Viviamo in un'epoca in cui l'informazione è ovunque, ma la conoscenza reale è sempre più rara. Mai come oggi si parla di alimentazione: libri, podcast, video, post virali. Eppure, più si parla, più aumentano le distorsioni. Nel mare magnum della divulgazione alimentare, emergono figure carismatiche, spesso senza una reale competenza, che si impongono grazie a un linguaggio semplice, scenico, talvolta provocatorio. Funziona, ma a quale prezzo? Biologi nutrizionisti che fanno foto con il fonendoscopio......che per loro ha la stessa utilità di quello rosa della mia nipotina di 4 anni e non si rendono conto che così facendo sminuiscono la categoria oltre che se stessi. Un esempio tra i tanti: un noto personal trainer, indossando il camice bianco come fosse un costume da scena, presenta i suoi libri parlando di "dipendenza da cibo" con un approccio riduttivo e superficiale. Il suo consiglio? “Smetti di magná.” Il problema è che la dipendenza alimentare, quando esiste, è un tema complesso che coinvolge la neurofisiologia, la biochimica cerebrale e la psicologia del comportamento.
Non si risolve con uno slogan da social. Non esiste nemmeno, ad oggi, un consenso unanime nella comunità scientifica su cosa sia davvero la dipendenza da cibo: se sia assimilabile a una tossicodipendenza, se sia una risposta a traumi o se sia piuttosto una manifestazione di altri disturbi. E lo stesso vale per le diete: non sono tutte uguali e non tutte sono adatte a chiunque. Alcuni approcci alimentari richiedono analisi del sangue approfondite. In presenza di patologie, come diabete, insufficienza renale, malattie infiammatorie, le indicazioni dietetiche devono essere costruite su misura, sulla base di dati clinici e di un confronto tra medico, nutrizionista e paziente. Ridurre tutto a uno slogan o a una ricetta “valida per tutti” è pericoloso.

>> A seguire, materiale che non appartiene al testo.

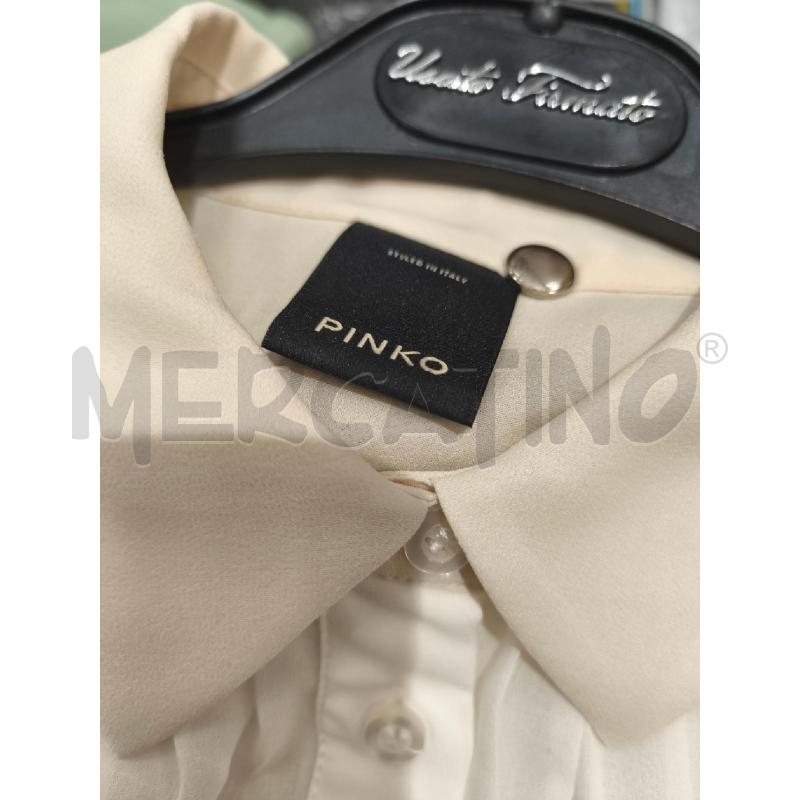 CAMICIA DONNA PINKO BIANCA PLISSEE PIZZO NERO RETRO GIALLINO | Mercatino dell'Usato Campobasso 5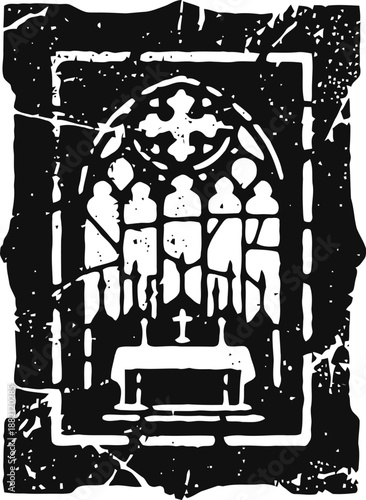 Gothic church altar silhouette with stained glass windows and cross design, vintage grunge art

Purtroppo, per come è strutturato il mondo della comunicazione online, spesso ad avere successo non sono i professionisti preparati ma gli showman. La scienza , quella vera , è prudente, lenta, piena di dubbi. Non urla certezze, non semplifica all’estremo. Ma in un mondo dominato dall’algoritmo e dall’influencer marketing, il grigio della verità ha meno appeal del colore acceso della narrazione facile. E non sempre “medico” è sinonimo di “affidabile”. Alcuni professionisti, pur avendo una laurea e un camice vero, utilizzano la loro autorevolezza per veicolare messaggi distorti. Alcune frasi pronunciate da personaggi noti ,persino da medici oncologi ,(mi riferisco ad una famosa signora)sui social sono semplicemente irricevibili. Quando non c’è onestà intellettuale, nemmeno il titolo accademico può essere una garanzia. All’ignoranza si può porre rimedio; alla malafede, purtroppo, no.
Un altro esempio molto grave di comunicazione distorta è venuto più volte dalla trasmissione le Iene dove ho visto un biologo nutrizionista dire peste e corna degli agonisti del GLP1......ora che finalmente abbiamo dei farmaci reali contro l'obesità chi non può prescriverli li scredita in TV raggiungendo milioni di persone, sarebbe bastata alla redazione delle iene andarsi a vedere le pubblicazioni del new england journal of medicine la rivista scientifica medica a più alto impact factor per vedere i miglioramenti sulla funzionalità cardiaca e renale che salveranno la vita a tante persone affette da diabete o da obesità.
Per chi cerca informazioni corrette, il consiglio è uno solo: fate attenzione. Verificate le fonti, chiedetevi chi parla e con quale competenza. Diffidate delle soluzioni semplici a problemi complessi. In una giungla dominata dallo show, serve spirito critico per orientarsi. E ricordate: mangiare è un atto quotidiano, ma anche profondo, che tocca la salute, la cultura, la storia personale. Merita rispetto, non spettacolo. Perchè di cattiva informazione si può morire specialmente se arriva a milioni di persone.